Quatre Néerlandais interrogés sur dix considèrent les attaques comme une mauvaise chose, contre 21 % qui les considèrent positivement. Une proportion importante reste neutre (25%) ou indécise (15%).
Aux Pays-Bas, le soutien aux attaques est le plus élevé parmi les électeurs des partis conservateurs de droite (Parti politique réformé, JA21 et Parti de la liberté de Geert Wilders), tandis que les électeurs des partis progressistes et de gauche (GroenLinks-PvdA, Parti pour les Animaux, Parti socialiste, Démocrates 66) sont plus susceptibles de s’y opposer.
Quel devrait être le rôle du gouvernement dans la guerre en Iran ?
L’opinion du public sur la réponse et le rôle de son gouvernement national varie également en fonction des opinions politiques des personnes interrogées.
Une faible majorité de Français approuvent les mesures adoptées par leur gouvernement depuis le début de la guerre avec l’Iran, contre 44% qui les désapprouvent.
Le soutien est écrasant dans le bloc central, tandis que la désapprobation prévaut parmi les partisans du parti d’extrême gauche France Insoumise (65%) et du parti d’extrême droite Rassemblement national (54%).

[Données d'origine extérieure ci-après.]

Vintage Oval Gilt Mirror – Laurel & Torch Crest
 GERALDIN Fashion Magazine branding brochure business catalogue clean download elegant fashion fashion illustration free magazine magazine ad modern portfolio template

Décision du président Emmanuel Macron de déployer le porte-avions Charles de Gaulle et les frégates de guerre divisent cependant les Français interrogés : 49% se déclarent favorables, estimant que la France doit protéger ses intérêts et ceux de ses alliés.
Cet avis est partagé surtout par les partisans du bloc central (78%), suivis par le Parti républicain (LR) (64%) et les socialistes (57%).
En revanche, 50 % des Français se déclarent opposés, craignant que cette mesure n’entraîne la France dans le conflit. L’opposition est la plus forte parmi les partisans de la France Insoumise (65%), du Rassemblement National (60%) et de Los Ecologistas (53%).
En Italie, 34 % des personnes interrogées appellent à la neutralité et à la médiation entre les parties, tandis que 13 % des Italiens interrogés estiment que le pays devrait apporter un soutien diplomatique aux États-Unis et à Israël, et 2 % pensent que le pays devrait avoir une implication militaire directe.
Cependant, 27 % des personnes interrogées ne peuvent pas répondre quel rôle l’Italie devrait jouer dans la guerre.
Enfin, aux Pays-Bas, seuls 23 % des personnes interrogées soutiennent la réponse du gouvernement.
Selon l’étude Ipsos, cette attitude signifie souvent que les gens souhaitent que les Pays-Bas soient plus critiques à l’égard d’Israël et des États-Unis (37 %), alors qu’une proportion plus faible souhaite en réalité offrir davantage de soutien à ces pays (13 %).